> _RECORDS FOR THE TASK_
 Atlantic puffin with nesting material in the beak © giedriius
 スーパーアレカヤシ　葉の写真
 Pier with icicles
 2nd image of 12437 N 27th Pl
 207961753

* * *

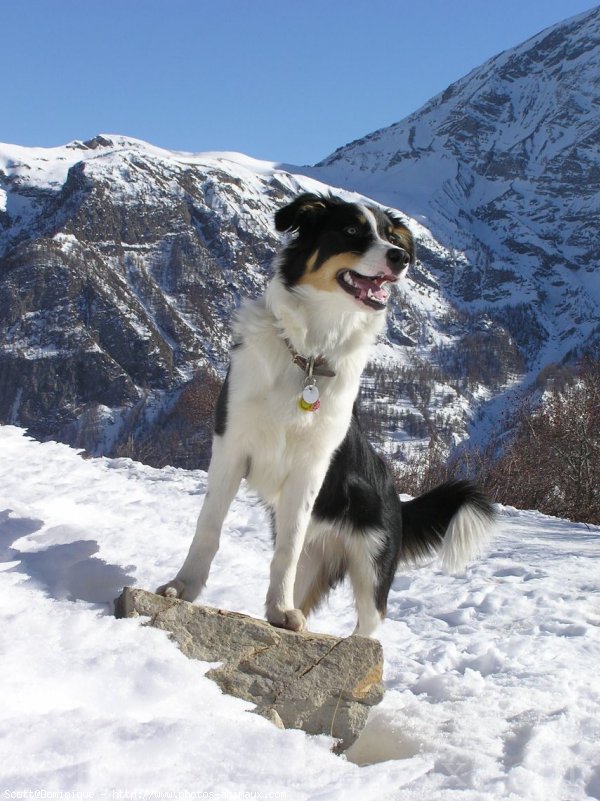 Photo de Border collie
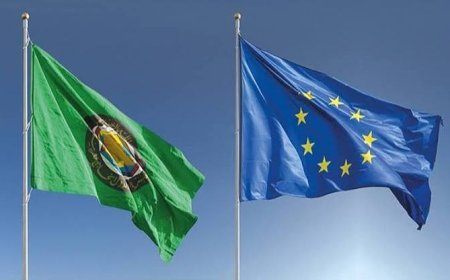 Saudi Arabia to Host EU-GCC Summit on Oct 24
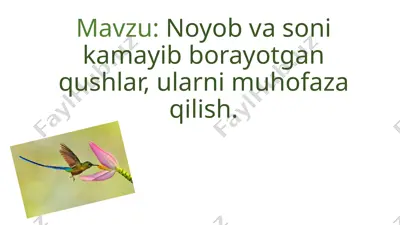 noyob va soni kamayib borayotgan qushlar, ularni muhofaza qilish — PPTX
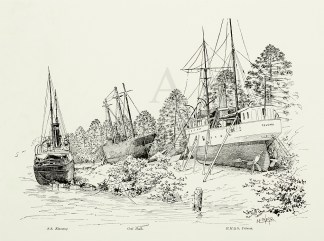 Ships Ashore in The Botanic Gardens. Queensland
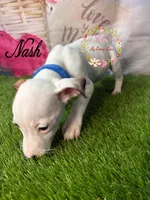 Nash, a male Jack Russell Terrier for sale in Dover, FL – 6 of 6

---

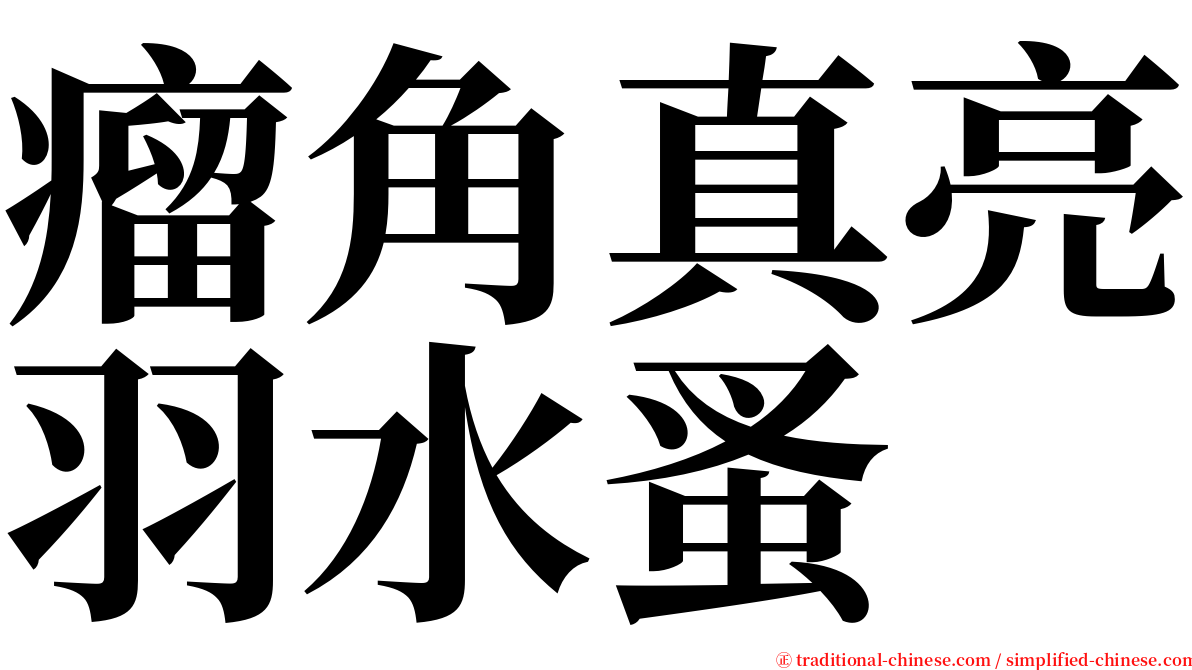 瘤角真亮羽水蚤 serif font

> _WORK TO BE COMPLETED_
Look through the material and copy each line that has "with".

> _RESPONSE AREA_
 Atlantic puffin with nesting material in the beak © giedriius
 Pier with icicles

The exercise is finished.